[[ THE RECORDS open ]]

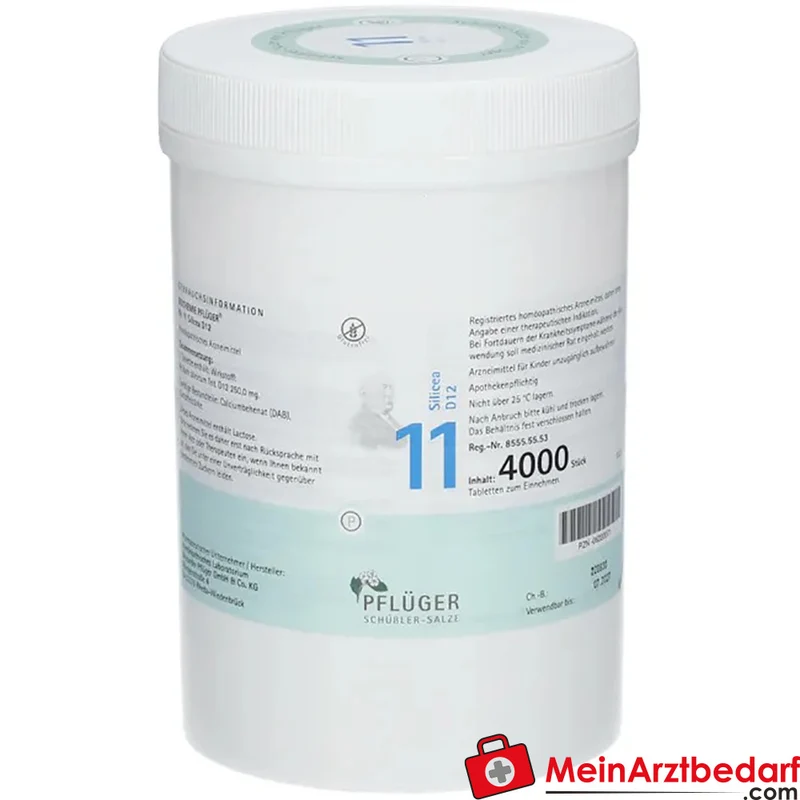 Biochemie Pflüger Nr. 11 Silicea Acidum silicicum D12 Tabletten, 100 St.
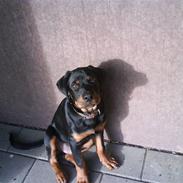 Rottweiler Tyson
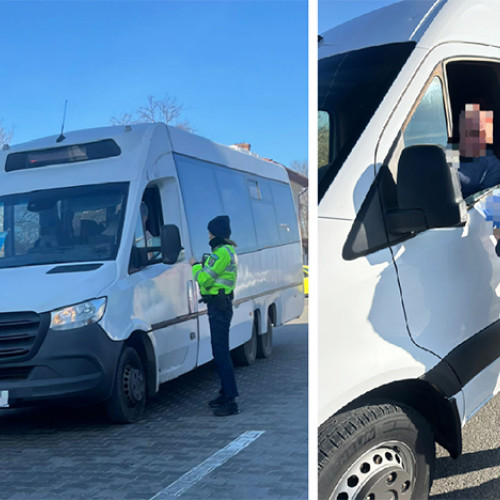 Acțiune pe drumurile din Horia și Mangalia
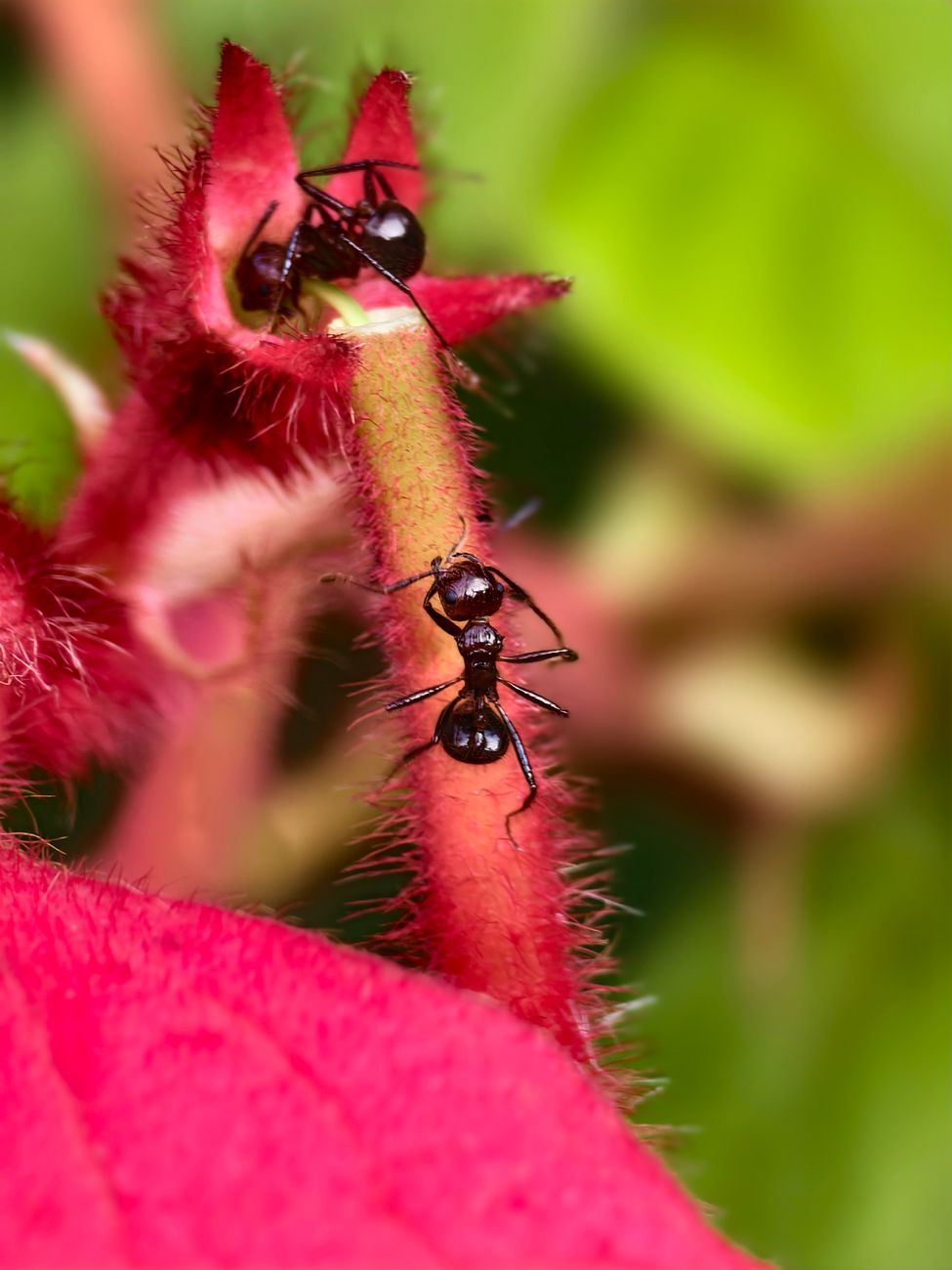 Are Ants Bad for Your Garden? What They’re Really Doing
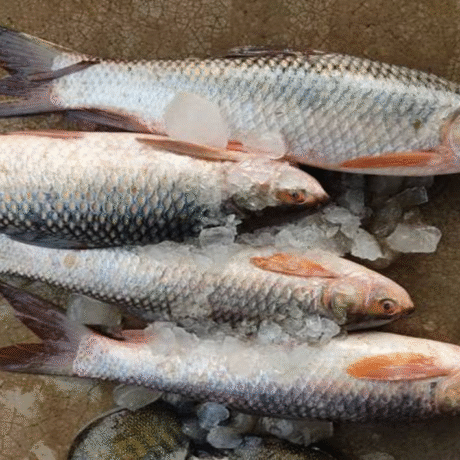 KALA FISH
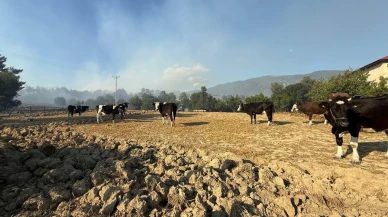 Kozan çiftçileri orman yangınında hayvanlarını kurtardı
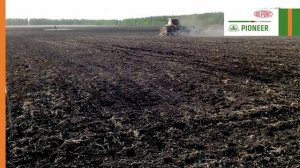 Применение почвенных гербицидов на подсолнечнике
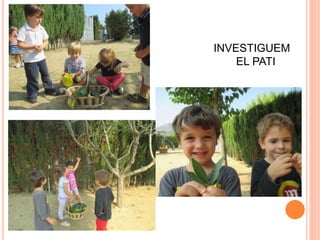 INVESTIGUEM
EL PATI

[[ THE RECORDS closed ]]

HOW TO COMPLETE THIS TASK: With the pictures excluded, the line containing "Are Ants Bad" and every line after it through the end of the data above are to be transcribed exactly, and nothing more.

ANSWER TO THIS EXERCISE:
 Are Ants Bad for Your Garden? What They’re Really Doing
 KALA FISH
 Kozan çiftçileri orman yangınında hayvanlarını kurtardı
 Применение почвенных гербицидов на подсолнечнике
 INVESTIGUEM
EL PATI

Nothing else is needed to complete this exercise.